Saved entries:
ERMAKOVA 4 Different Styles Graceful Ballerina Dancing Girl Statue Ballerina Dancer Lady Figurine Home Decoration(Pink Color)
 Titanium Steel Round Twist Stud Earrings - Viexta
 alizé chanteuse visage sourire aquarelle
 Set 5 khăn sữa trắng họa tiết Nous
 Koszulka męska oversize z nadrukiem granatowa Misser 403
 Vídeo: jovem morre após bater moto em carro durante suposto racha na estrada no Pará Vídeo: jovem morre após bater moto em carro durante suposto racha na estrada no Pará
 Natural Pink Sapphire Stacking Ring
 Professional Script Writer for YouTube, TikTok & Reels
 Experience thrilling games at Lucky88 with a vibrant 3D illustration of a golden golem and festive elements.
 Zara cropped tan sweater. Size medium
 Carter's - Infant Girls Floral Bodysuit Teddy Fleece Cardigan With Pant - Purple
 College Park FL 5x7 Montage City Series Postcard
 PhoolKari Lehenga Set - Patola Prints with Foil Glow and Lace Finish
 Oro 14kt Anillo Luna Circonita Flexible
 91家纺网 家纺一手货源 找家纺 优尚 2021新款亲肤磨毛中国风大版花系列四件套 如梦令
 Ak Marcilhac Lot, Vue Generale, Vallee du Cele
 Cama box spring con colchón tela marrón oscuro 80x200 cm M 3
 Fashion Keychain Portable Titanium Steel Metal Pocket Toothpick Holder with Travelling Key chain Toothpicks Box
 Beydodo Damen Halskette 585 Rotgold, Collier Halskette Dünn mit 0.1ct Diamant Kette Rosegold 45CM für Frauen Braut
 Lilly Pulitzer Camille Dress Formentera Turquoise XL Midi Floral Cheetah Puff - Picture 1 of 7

**Work item**
From the records above, transcribe exactly the run of lines that opens with the line holding "Pará Vídeo: jovem" and closes with the line holding "Zara cropped tan sweater. Size medium", both included.

**Result**
 Vídeo: jovem morre após bater moto em carro durante suposto racha na estrada no Pará Vídeo: jovem morre após bater moto em carro durante suposto racha na estrada no Pará
 Natural Pink Sapphire Stacking Ring
 Professional Script Writer for YouTube, TikTok & Reels
 Experience thrilling games at Lucky88 with a vibrant 3D illustration of a golden golem and festive elements.
 Zara cropped tan sweater. Size medium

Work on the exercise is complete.